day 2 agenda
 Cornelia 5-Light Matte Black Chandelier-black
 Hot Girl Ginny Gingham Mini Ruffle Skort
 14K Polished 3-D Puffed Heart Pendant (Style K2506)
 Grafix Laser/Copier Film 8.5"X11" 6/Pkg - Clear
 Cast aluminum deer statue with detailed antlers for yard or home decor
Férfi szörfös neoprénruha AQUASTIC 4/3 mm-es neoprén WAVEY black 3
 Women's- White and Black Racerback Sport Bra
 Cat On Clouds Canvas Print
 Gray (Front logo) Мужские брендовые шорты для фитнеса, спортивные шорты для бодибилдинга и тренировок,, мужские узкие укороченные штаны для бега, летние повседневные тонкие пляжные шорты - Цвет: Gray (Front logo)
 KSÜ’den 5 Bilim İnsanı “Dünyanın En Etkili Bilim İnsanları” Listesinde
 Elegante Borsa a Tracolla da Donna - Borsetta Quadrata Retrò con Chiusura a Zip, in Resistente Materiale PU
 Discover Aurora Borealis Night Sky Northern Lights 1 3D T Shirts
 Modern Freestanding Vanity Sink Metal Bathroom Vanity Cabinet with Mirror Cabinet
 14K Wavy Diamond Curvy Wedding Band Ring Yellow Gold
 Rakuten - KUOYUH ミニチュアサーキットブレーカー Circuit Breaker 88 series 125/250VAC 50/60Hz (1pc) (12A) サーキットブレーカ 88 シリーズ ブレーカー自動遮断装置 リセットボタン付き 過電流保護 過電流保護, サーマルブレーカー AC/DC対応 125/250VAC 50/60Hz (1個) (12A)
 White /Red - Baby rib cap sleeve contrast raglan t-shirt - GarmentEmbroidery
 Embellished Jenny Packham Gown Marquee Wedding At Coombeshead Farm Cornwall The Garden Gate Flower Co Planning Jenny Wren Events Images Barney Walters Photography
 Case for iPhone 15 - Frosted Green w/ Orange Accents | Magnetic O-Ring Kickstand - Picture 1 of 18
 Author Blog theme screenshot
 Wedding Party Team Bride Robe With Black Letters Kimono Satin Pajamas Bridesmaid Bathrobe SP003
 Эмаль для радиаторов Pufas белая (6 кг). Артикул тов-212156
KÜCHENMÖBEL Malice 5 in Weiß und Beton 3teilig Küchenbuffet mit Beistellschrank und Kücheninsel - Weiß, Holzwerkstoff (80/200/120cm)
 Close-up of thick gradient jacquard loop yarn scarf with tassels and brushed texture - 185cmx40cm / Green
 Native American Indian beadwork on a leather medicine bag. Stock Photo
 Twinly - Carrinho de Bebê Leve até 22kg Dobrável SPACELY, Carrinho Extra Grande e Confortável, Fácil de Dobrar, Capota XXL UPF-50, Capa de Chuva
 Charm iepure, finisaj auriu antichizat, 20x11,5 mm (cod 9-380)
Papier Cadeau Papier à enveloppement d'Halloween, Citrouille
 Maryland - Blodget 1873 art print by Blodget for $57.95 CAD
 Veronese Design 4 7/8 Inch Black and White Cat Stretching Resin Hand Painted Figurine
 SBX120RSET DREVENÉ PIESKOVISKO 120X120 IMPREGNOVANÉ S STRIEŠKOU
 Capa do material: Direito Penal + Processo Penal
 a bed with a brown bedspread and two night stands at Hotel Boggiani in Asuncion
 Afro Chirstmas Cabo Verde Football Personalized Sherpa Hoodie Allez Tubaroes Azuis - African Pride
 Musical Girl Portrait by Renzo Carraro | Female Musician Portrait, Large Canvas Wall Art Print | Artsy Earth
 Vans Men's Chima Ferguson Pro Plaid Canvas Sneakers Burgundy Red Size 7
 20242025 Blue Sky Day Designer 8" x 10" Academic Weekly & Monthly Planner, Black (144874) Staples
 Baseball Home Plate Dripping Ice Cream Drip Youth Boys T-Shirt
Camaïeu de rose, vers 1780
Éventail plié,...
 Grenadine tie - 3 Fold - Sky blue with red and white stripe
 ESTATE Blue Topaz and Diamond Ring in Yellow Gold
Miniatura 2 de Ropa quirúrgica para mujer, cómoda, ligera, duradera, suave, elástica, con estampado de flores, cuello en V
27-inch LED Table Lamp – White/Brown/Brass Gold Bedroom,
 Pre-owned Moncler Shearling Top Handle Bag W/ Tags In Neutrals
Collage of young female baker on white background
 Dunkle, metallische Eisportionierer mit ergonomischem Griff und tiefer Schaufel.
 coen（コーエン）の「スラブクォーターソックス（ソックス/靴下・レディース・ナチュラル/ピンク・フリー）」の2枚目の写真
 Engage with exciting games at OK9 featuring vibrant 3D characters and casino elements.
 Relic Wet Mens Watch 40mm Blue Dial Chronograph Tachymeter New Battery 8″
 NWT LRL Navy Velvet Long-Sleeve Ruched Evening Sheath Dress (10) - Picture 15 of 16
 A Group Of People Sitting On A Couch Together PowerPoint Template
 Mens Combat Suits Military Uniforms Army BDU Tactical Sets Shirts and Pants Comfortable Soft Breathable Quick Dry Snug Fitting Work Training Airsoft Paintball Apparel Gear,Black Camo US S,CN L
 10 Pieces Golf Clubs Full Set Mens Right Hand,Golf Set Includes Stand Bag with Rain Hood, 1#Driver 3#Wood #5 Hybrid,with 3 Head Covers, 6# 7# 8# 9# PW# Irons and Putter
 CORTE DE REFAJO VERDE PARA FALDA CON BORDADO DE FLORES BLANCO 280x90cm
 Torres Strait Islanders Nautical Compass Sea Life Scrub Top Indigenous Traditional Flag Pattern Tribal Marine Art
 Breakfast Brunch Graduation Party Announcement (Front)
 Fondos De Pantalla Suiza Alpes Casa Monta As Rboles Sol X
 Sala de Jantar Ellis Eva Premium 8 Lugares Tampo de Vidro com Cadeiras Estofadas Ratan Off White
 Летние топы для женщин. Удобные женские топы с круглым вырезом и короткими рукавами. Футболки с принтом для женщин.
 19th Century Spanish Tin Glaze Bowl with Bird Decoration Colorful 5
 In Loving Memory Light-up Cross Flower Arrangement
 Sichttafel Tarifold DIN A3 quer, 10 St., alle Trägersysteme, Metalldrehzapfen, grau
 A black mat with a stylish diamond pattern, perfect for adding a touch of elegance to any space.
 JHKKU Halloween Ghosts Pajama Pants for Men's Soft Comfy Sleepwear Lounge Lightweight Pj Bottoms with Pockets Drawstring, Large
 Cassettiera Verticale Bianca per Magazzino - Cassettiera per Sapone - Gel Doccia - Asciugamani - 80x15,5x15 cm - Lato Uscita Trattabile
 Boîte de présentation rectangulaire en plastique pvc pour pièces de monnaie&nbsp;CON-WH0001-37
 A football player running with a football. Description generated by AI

== == ==

- **Task goal**: Precisely as given, transcribe all of the entries above.

- **Exercise answer**:
day 2 agenda
 Cornelia 5-Light Matte Black Chandelier-black
 Hot Girl Ginny Gingham Mini Ruffle Skort
 14K Polished 3-D Puffed Heart Pendant (Style K2506)
 Grafix Laser/Copier Film 8.5"X11" 6/Pkg - Clear
 Cast aluminum deer statue with detailed antlers for yard or home decor
Férfi szörfös neoprénruha AQUASTIC 4/3 mm-es neoprén WAVEY black 3
 Women's- White and Black Racerback Sport Bra
 Cat On Clouds Canvas Print
 Gray (Front logo) Мужские брендовые шорты для фитнеса, спортивные шорты для бодибилдинга и тренировок,, мужские узкие укороченные штаны для бега, летние повседневные тонкие пляжные шорты - Цвет: Gray (Front logo)
 KSÜ’den 5 Bilim İnsanı “Dünyanın En Etkili Bilim İnsanları” Listesinde
 Elegante Borsa a Tracolla da Donna - Borsetta Quadrata Retrò con Chiusura a Zip, in Resistente Materiale PU
 Discover Aurora Borealis Night Sky Northern Lights 1 3D T Shirts
 Modern Freestanding Vanity Sink Metal Bathroom Vanity Cabinet with Mirror Cabinet
 14K Wavy Diamond Curvy Wedding Band Ring Yellow Gold
 Rakuten - KUOYUH ミニチュアサーキットブレーカー Circuit Breaker 88 series 125/250VAC 50/60Hz (1pc) (12A) サーキットブレーカ 88 シリーズ ブレーカー自動遮断装置 リセットボタン付き 過電流保護 過電流保護, サーマルブレーカー AC/DC対応 125/250VAC 50/60Hz (1個) (12A)
 White /Red - Baby rib cap sleeve contrast raglan t-shirt - GarmentEmbroidery
 Embellished Jenny Packham Gown Marquee Wedding At Coombeshead Farm Cornwall The Garden Gate Flower Co Planning Jenny Wren Events Images Barney Walters Photography
 Case for iPhone 15 - Frosted Green w/ Orange Accents | Magnetic O-Ring Kickstand - Picture 1 of 18
 Author Blog theme screenshot
 Wedding Party Team Bride Robe With Black Letters Kimono Satin Pajamas Bridesmaid Bathrobe SP003
 Эмаль для радиаторов Pufas белая (6 кг). Артикул тов-212156
KÜCHENMÖBEL Malice 5 in Weiß und Beton 3teilig Küchenbuffet mit Beistellschrank und Kücheninsel - Weiß, Holzwerkstoff (80/200/120cm)
 Close-up of thick gradient jacquard loop yarn scarf with tassels and brushed texture - 185cmx40cm / Green
 Native American Indian beadwork on a leather medicine bag. Stock Photo
 Twinly - Carrinho de Bebê Leve até 22kg Dobrável SPACELY, Carrinho Extra Grande e Confortável, Fácil de Dobrar, Capota XXL UPF-50, Capa de Chuva
 Charm iepure, finisaj auriu antichizat, 20x11,5 mm (cod 9-380)
Papier Cadeau Papier à enveloppement d'Halloween, Citrouille
 Maryland - Blodget 1873 art print by Blodget for $57.95 CAD
 Veronese Design 4 7/8 Inch Black and White Cat Stretching Resin Hand Painted Figurine
 SBX120RSET DREVENÉ PIESKOVISKO 120X120 IMPREGNOVANÉ S STRIEŠKOU
 Capa do material: Direito Penal + Processo Penal
 a bed with a brown bedspread and two night stands at Hotel Boggiani in Asuncion
 Afro Chirstmas Cabo Verde Football Personalized Sherpa Hoodie Allez Tubaroes Azuis - African Pride
 Musical Girl Portrait by Renzo Carraro | Female Musician Portrait, Large Canvas Wall Art Print | Artsy Earth
 Vans Men's Chima Ferguson Pro Plaid Canvas Sneakers Burgundy Red Size 7
 20242025 Blue Sky Day Designer 8" x 10" Academic Weekly & Monthly Planner, Black (144874) Staples
 Baseball Home Plate Dripping Ice Cream Drip Youth Boys T-Shirt
Camaïeu de rose, vers 1780
Éventail plié,...
 Grenadine tie - 3 Fold - Sky blue with red and white stripe
 ESTATE Blue Topaz and Diamond Ring in Yellow Gold
Miniatura 2 de Ropa quirúrgica para mujer, cómoda, ligera, duradera, suave, elástica, con estampado de flores, cuello en V
27-inch LED Table Lamp – White/Brown/Brass Gold Bedroom,
 Pre-owned Moncler Shearling Top Handle Bag W/ Tags In Neutrals
Collage of young female baker on white background
 Dunkle, metallische Eisportionierer mit ergonomischem Griff und tiefer Schaufel.
 coen（コーエン）の「スラブクォーターソックス（ソックス/靴下・レディース・ナチュラル/ピンク・フリー）」の2枚目の写真
 Engage with exciting games at OK9 featuring vibrant 3D characters and casino elements.
 Relic Wet Mens Watch 40mm Blue Dial Chronograph Tachymeter New Battery 8″
 NWT LRL Navy Velvet Long-Sleeve Ruched Evening Sheath Dress (10) - Picture 15 of 16
 A Group Of People Sitting On A Couch Together PowerPoint Template
 Mens Combat Suits Military Uniforms Army BDU Tactical Sets Shirts and Pants Comfortable Soft Breathable Quick Dry Snug Fitting Work Training Airsoft Paintball Apparel Gear,Black Camo US S,CN L
 10 Pieces Golf Clubs Full Set Mens Right Hand,Golf Set Includes Stand Bag with Rain Hood, 1#Driver 3#Wood #5 Hybrid,with 3 Head Covers, 6# 7# 8# 9# PW# Irons and Putter
 CORTE DE REFAJO VERDE PARA FALDA CON BORDADO DE FLORES BLANCO 280x90cm
 Torres Strait Islanders Nautical Compass Sea Life Scrub Top Indigenous Traditional Flag Pattern Tribal Marine Art
 Breakfast Brunch Graduation Party Announcement (Front)
 Fondos De Pantalla Suiza Alpes Casa Monta As Rboles Sol X
 Sala de Jantar Ellis Eva Premium 8 Lugares Tampo de Vidro com Cadeiras Estofadas Ratan Off White
 Летние топы для женщин. Удобные женские топы с круглым вырезом и короткими рукавами. Футболки с принтом для женщин.
 19th Century Spanish Tin Glaze Bowl with Bird Decoration Colorful 5
 In Loving Memory Light-up Cross Flower Arrangement
 Sichttafel Tarifold DIN A3 quer, 10 St., alle Trägersysteme, Metalldrehzapfen, grau
 A black mat with a stylish diamond pattern, perfect for adding a touch of elegance to any space.
 JHKKU Halloween Ghosts Pajama Pants for Men's Soft Comfy Sleepwear Lounge Lightweight Pj Bottoms with Pockets Drawstring, Large
 Cassettiera Verticale Bianca per Magazzino - Cassettiera per Sapone - Gel Doccia - Asciugamani - 80x15,5x15 cm - Lato Uscita Trattabile
 Boîte de présentation rectangulaire en plastique pvc pour pièces de monnaie&nbsp;CON-WH0001-37
 A football player running with a football. Description generated by AI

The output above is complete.